Modeling the evolution of system with time-series data is a challenging and critical task in a wide range of fields, especially when the time-series data is regularly sampled and partially observable. Some methods have been proposed to estimate the hidden dynamics between intervals like Neural ODE or Exponential decay dynamic function and combine with RNN to estimate the evolution.

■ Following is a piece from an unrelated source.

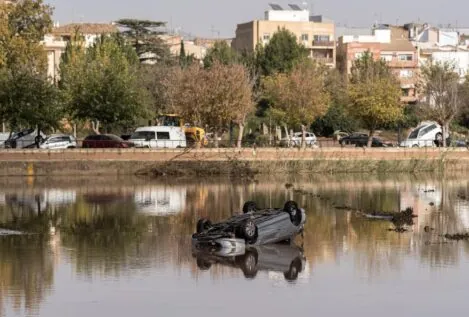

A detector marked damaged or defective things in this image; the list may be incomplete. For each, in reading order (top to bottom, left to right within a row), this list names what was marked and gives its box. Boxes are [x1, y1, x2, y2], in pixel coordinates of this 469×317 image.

However, it is difficult for these methods to capture the spatial and temporal dependencies existing within graph-structured time-series data and take full advantage of the available relational information to impute missing data and predict the future states. Besides, traditional RNN-based methods leverage shared RNN cell to update the hidden state which does not capture the impact of various intervals and missing state information on the reliability of estimating the hidden state. To solve this problem, in this paper, we propose a method embedding Graph Neural ODE with reliability and time-aware mechanism which can capture the spatial and temporal dependencies in irregularly sampled and partially observable time-series data to reconstruct the dynamics. Also, a loss function is designed considering the reliability of the augment data from the above proposed method to make further prediction. The proposed method has been validated in experiments of different networked dynamical systems.

Paper Structure

This paper contains 10 sections, 17 equations, 4 figures, 1 table, 1 algorithm.

Figures (4)

  • Figure 1: The structure of GNODE-GGRU to impute data. The hidden state between observations is estimated by Graph neural ODE and then updated by Graph GRU. The impute data can be used to make prediction in predict network.
  • Figure 2: Irregular sampling time-series graph-structured data with unobserved states. The blue one represents the observed state and the white one is unobserved.
  • Figure 3: Blue one is the observable state and the red one is the missing information. Green one is the impute state by GNODE-GGRU. Weight of each term in loss function is determined by $w_{t_{ij}} = \beta e^{-\zeta (t_i-t_{ij})}$.
  • Figure 4: Modelling the trajectories of the system according to the temporal irregular and spatial missing data by the proposed method in this paper. The system contains 8 nodes and each node has a 2-dimensional dynamic function. The left figure shows trajectories of node 1 on $x$ plane and $y$ plane. The right figure is the phase portrait of node 1.